De Amerikaanse president Donald Trump heeft opnieuw importheffingen aangekondigd op Chinese goederen, wat de toch al fragiele handelsrelaties verder op scherp zet. Trouw bezocht fabrieken in het zuiden van China en sprak met bedrijfsleiders over hun strategie in deze onzekere tijden.

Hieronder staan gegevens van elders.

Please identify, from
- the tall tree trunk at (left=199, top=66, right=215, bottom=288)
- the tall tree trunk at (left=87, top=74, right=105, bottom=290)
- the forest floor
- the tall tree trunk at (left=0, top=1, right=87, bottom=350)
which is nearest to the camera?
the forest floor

In de showroom van Weishi Technology hangen tientallen televisies aan de muur. Op het moment dat bedrijfsmanager Wang Mingqing (36) de beeldschermen aanzet, verschijnt er op iedere tv een menu met westerse platformen, zoals Netflix, YouTube en Amazon Prime. Het Chinese bedrijf fabriceert bijna uitsluitend voor de export, waardoor de producten voorzien zijn van systemen die in China niet toegestaan zijn.
De televisiefabriek ligt op een industrieterrein in Foshan, een stad in de zuidelijke Chinese provincie Guangdong. Op het terrein bevinden zich honderden andere fabrieken, vrachtwagens worden de hele dag door in- en uitgeladen. Vorig jaar werd bijna een kwart van China’s totale export vanuit deze provincie naar het buitenland vervoerd.
Dinsdag zal naar verwachting opnieuw een Amerikaanse importheffing van 10 procent op Chinese goederen ingaan. Daardoor dreigen de televisies van Wang voor zijn klanten in de VS onbetaalbaar te worden. “Het is niet zo gemakkelijk als vroeger om Amerikaanse klanten te behouden”, verzucht hij.